The global debates on debt, tax, climate finance, and democratic economic governance between the IMF/World Bank Spring Meetings and the 2026 FfD Forum and where we go from here.
By: Mahinour EBadrawi, Global Partnerships Lead
The April 2026 IMF and World Bank Spring Meetings in Washington, DC, and the ECOSOC Financing for Development Forum in New York (the first since the ‘FfD4’ conference and resulting ‘Seville Commitment’) revealed more than just a financing gap. Together, they exposed a stark governance gap between the scale of today’s crises and the willingness of the international system to redistribute power, resources, and accountability.
These reflections reflect on the two spaces together because they are politically connected. Washington remains a key site where creditor power, surveillance, lending, and private-capital models continue to shape the terms of economic policy.

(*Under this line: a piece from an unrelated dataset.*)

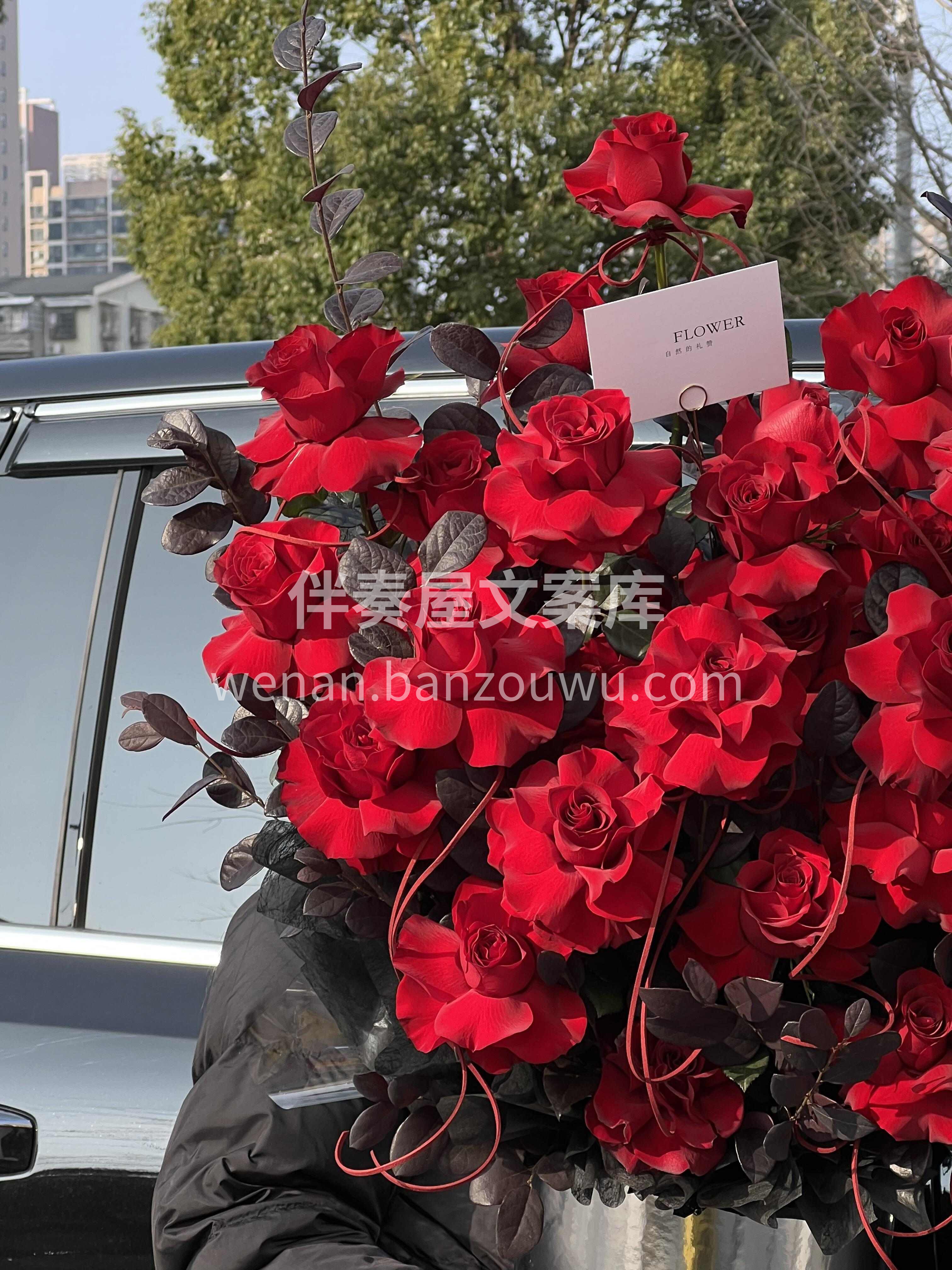 🌹红玫瑰从来不是俗气 是明目张胆的偏爱 是一眼就看到的真心❤ 配图2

New York remains the contested UN space where Global South governments, civil society, feminist movements, and rights advocates are pushing to rewrite those terms through debt justice, tax justice, climate justice, and democratic global economic governance.

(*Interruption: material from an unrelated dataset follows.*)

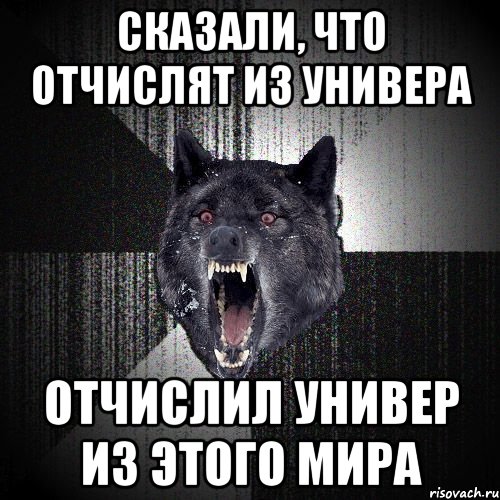 сказали, что отчислят из универа отчислил универ из этого мира, Мем  Злобный волк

The question is not only whether international institutions can survive geopolitical fragmentation. It is what kind of global order is emerging from the rules, silences, and compromises they make. Will it be an order where states uphold obligations to people and the planet, regulate private power, and protect the public good? Or will it be one where oligarchic interests, creditor priorities, and market discipline continue to hollow out democratic accountability?
War, ecological harm, debt distress, and austerity make this question urgent. Militarization and extractive economic policies are not external to financing for development. They shape whether public resources are directed toward rights-based public investment, climate action, social protection, and public services, or toward war, creditor repayment, fossil fuel dependency, and private returns.
For CESR, the issue is not simply whether more financing can be mobilized. It is the question of financing for what, for whom, and under whose rules. A rights-based approach to financing for development requires states to mobilize the maximum available resources, individually and through international cooperation, to fulfill economic, social, and environmental rights. It also requires states to avoid retrogression, tackle inequality and discrimination, regulate private power, and ensure that economic governance is democratic, transparent, and accountable.
That is the test against which post-Sevilla implementation must be judged.